Search icon

News

18th Aug 2021

Afghan mayor says she’s waiting for Taliban to ‘come and kill me’

Danny Jones

27-year-old is Afghanistan’s youngest female mayor and is now left with “no help”

Zarifa Ghafari, mayor of Maidan Shahr – the capital city of the Wardak Province – and the youngest in the country, has been left to fend for herself after senior members of the government and foreign officials managed to flee the country during the mass evacuation of Kabul over the weekend.

Speaking to iNews, Ghafari (27) has said she is now “sitting here waiting for [the Taliban] to come” and that there is “no one to help” her or her family. Aware of how the militant group has historically treated women under sharia law, she added: “they will come for people like me and kill me. I can’t leave my family. And anyway, where would I go?”

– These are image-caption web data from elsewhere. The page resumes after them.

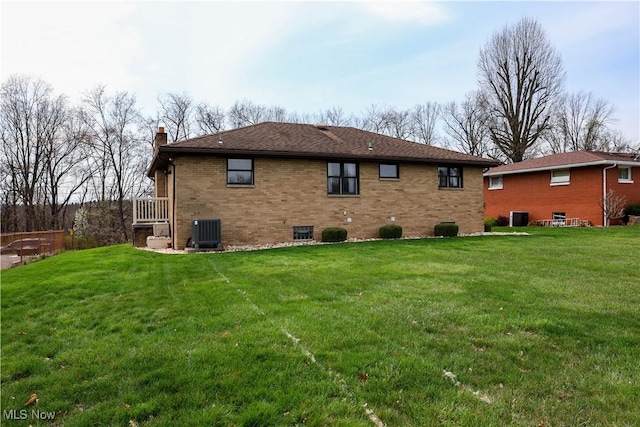 126 Vine St, Mingo Junction, OH 43938 - back of property with a yard, a chimney, brick siding, and central air condition unit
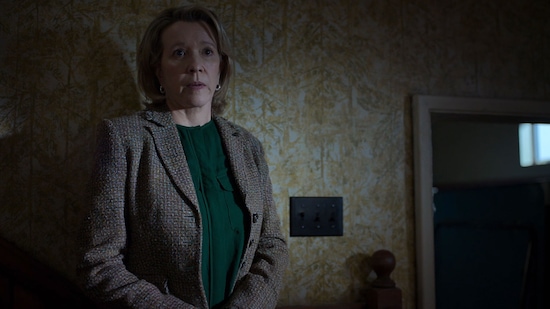 Woman leaning against a wall with yellow wallpaper in the dark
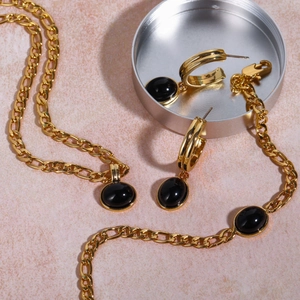 14K gold layered Figaro necklace and earrings set with oval black natural stones
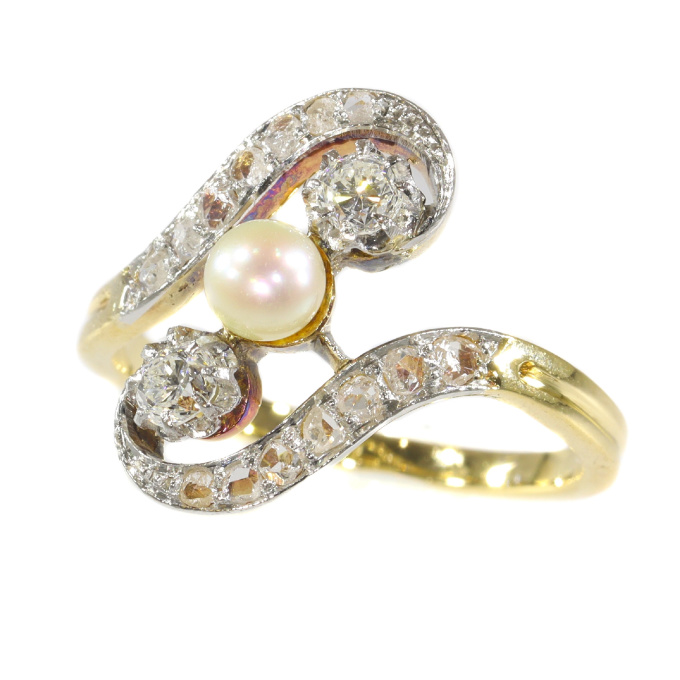Antique diamond and pearl cross-over engagement ring by Onbekende Kunstenaar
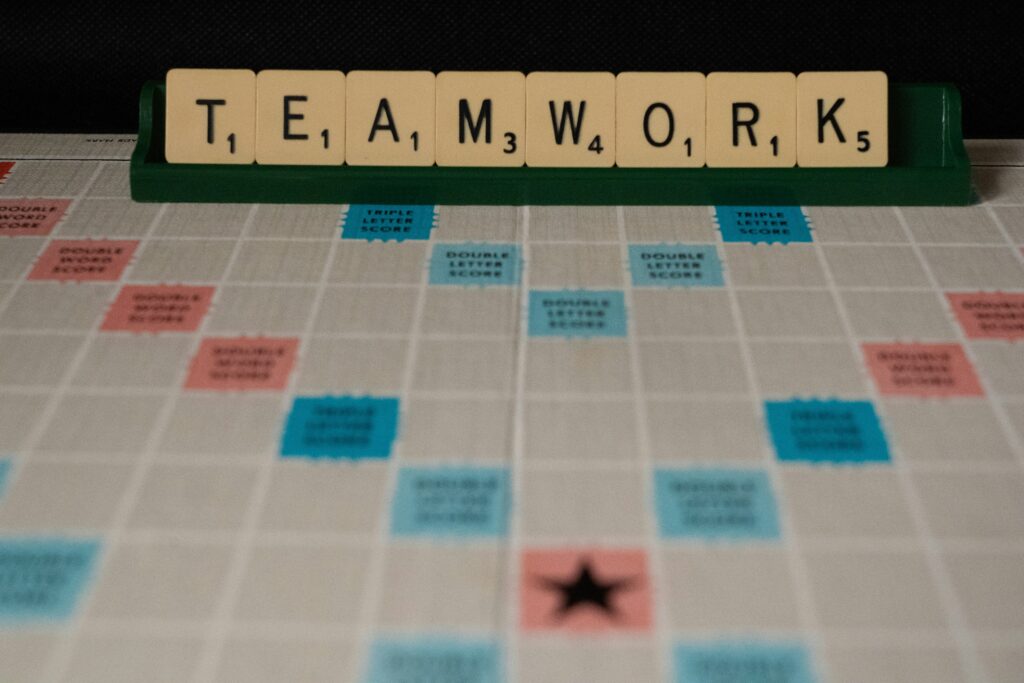 The word Teamwork on a scrabble game board
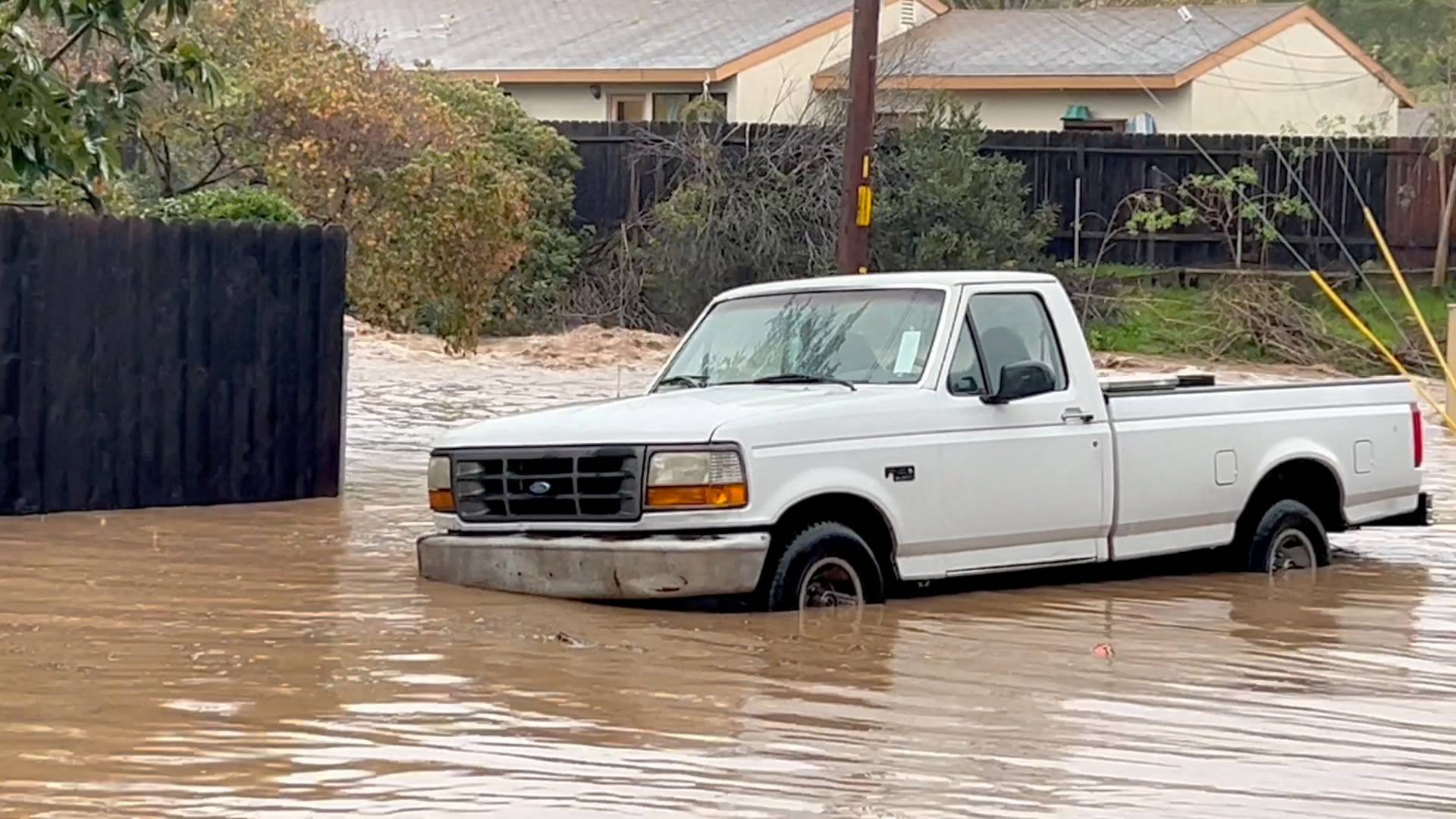 A vehicle lies partially submerged on a flooded street in Santa Barbara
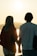 A happy couple enjoying a sunset together, smiling and holding hands.
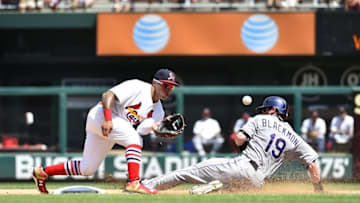 Aug 2, 2015; St. Louis, MO, USA; Colorado Rockies center fielder Charlie Blackmon (19) slides in to second base safely on St. Louis Cardinals second baseman Kolten Wong (16) at Busch Stadium. Mandatory Credit: Jasen Vinlove-USA TODAY Sports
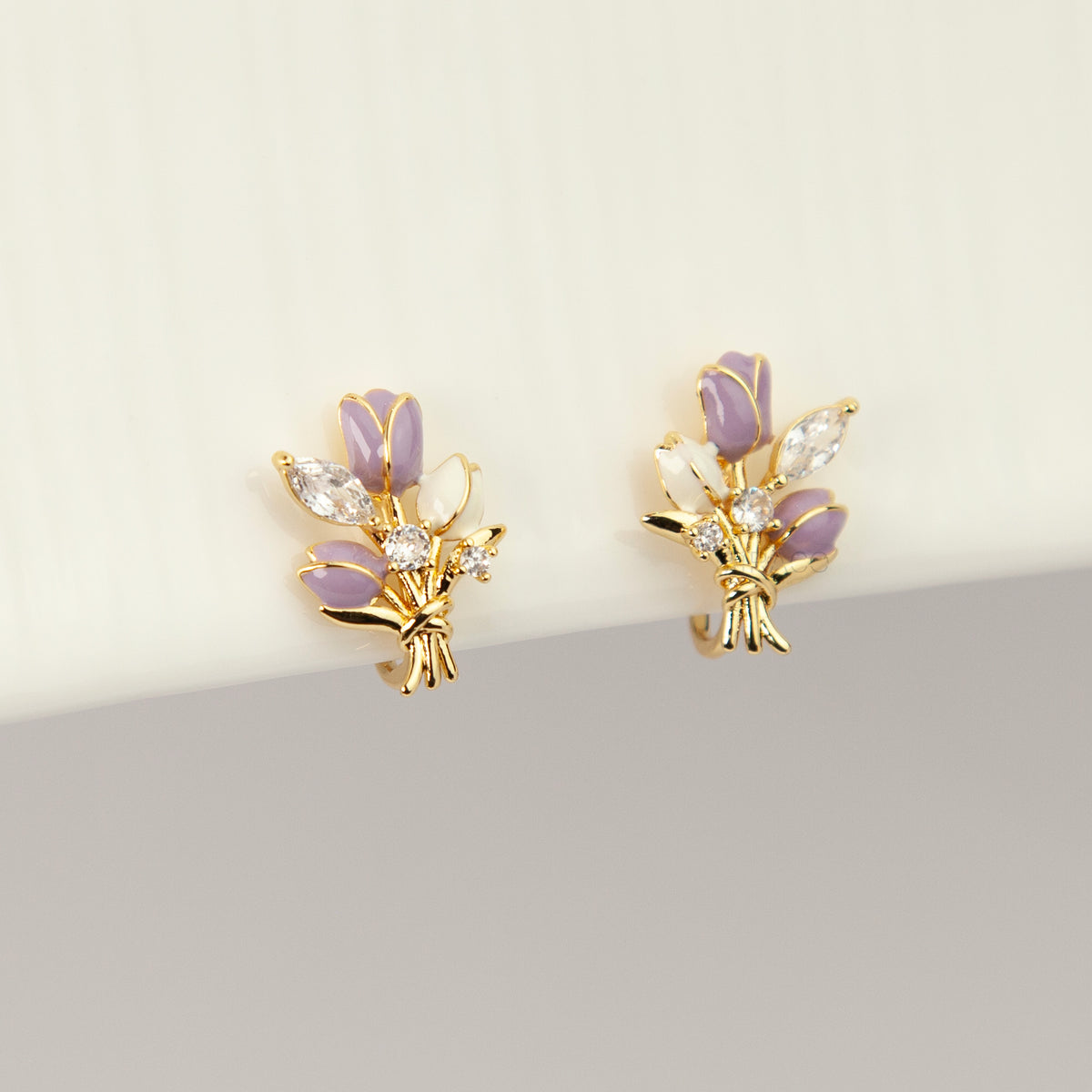 purple and white enamel tulip bouquet clip-on earrings with CZ accents and coil back non-pierced closure in 18K gold plating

Just four days ago, she posted this hopefully tweet and insists she still believes “there is a future for this country”, but the seizing of Kabul and power, not to mention the reports of how women are already being treated in Afghanistan since the takeover, will no doubt have shirked her confidence.

Ghafari noted how she believed young people will “continue fighting for progress and our rights” as they continue to be aware of what is happening and communicate through social media. However, she also admits she did not believe the Taliban would take Kabul.

Afghan MP, Farzana Kochai, told iNews similar, stating that she did not believe the militant Islamist group would reinfiltrate the nation so swiftly. In contrast, Kochai now says tens of thousands of families are living on the streets, in parks and temporary camps outside Kabul in hopes.

Nevertheless, she knows that their safety and her own is far from secured and that displaced Afghans still face returning to live under Taliban rule. Either way, like Ghafari, she is staying to fight for women’s rights in the nation.

https://twitter.com/NahanniFontaine/status/1427645029074575381?s=20

Yesterday, Zabihullah Mujahid – the chief spokesman for the Taliban who made his first public appearance in the historical press conference – assured that women’s lives and rights would be protected under the new government.

He insisted that while the group remains a religious regime under sharia law (a doctrine that does not value women in the same standing as men), “there is a huge difference between us now and 20 years ago”. On the same day, reports of women being killed for not wearing burqas began to circulate.

Ghafari herself became publicly known when she won the mayoral election back in 2018 and has been reported that the Taliban have continuously threatened to kill her ever since. It is believed that forces are also going around Aghan cities and towns marking doors with pink paint to identify notable female individuals and other activists to revisit later, despite claims of amnesty.

In November of 2020, Ghafari’s father, General Abdul Wasi Ghafari, was gunned down just 20 days after a third attempt on her life failed. To protect Ghafari during the Taliban resurgence, she was given a job in the Defence Ministry in Kabul, looking after the welfare of soldiers and civilians injured in terror attacks.

The Afghan mayor’s work is vital but is now more difficult than ever following the coup. Once again, Mujahid claims that women will not only keep an active role in Afghan society but are even being encouraged to be a part of this new government.

However, many refuse to take the new leaders at their word as reports of more violence on the streets of Afghanistan emerge.